“Therefore everyone who hears these words of mine and puts them into practice is like a wise man who built his house on the rock. The rain came down, the streams rose, and the winds blew and beat against that house; yet it did not fall, because it had its foundation on the rock. But everyone who hears these words of mine and does not put them into practice is like a foolish man who built his house on sand. The rain came down, the streams rose, and the winds blew and beat against that house, and it fell with a great crash.” (Matthew 7:24–27)

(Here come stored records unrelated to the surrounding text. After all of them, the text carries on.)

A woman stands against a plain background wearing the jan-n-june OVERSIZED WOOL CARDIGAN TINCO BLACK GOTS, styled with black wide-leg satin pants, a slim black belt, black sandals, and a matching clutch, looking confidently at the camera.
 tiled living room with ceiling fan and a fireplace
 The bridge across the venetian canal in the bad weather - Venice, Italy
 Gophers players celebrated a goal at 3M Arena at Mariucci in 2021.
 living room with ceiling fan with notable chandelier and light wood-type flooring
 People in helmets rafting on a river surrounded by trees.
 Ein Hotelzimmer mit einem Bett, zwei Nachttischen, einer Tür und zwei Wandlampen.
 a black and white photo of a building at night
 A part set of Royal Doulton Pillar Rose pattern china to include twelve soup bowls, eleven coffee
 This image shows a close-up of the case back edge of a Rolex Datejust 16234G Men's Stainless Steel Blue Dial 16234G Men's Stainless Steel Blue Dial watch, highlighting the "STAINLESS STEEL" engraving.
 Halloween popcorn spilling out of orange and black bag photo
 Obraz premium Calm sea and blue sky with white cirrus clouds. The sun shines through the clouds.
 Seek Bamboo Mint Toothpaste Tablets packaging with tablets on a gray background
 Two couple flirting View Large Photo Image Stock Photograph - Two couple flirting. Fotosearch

More straight talk from Jesus. He is winding up His message known as The Sermon on the Mount. His words have penetrated the hearts of His listeners as no message ever had. And now He is nailing it with a metaphor using two kinds of houses, one built on sand and the other on rock. The houses experience identical circumstances: heavy rains, rising water, and heavy winds. The house built on the sand collapsed with a great crash. The house built on the rock stood. Jesus brings home the point. Like the houses, listeners fall into two groups. Those who listen to Jesus’ words and put them into practice are like the house built on the rock.
Those who hear the message but don’t put the words into practice are like the house built on sand. Like that house, they won’t stand when times get tough.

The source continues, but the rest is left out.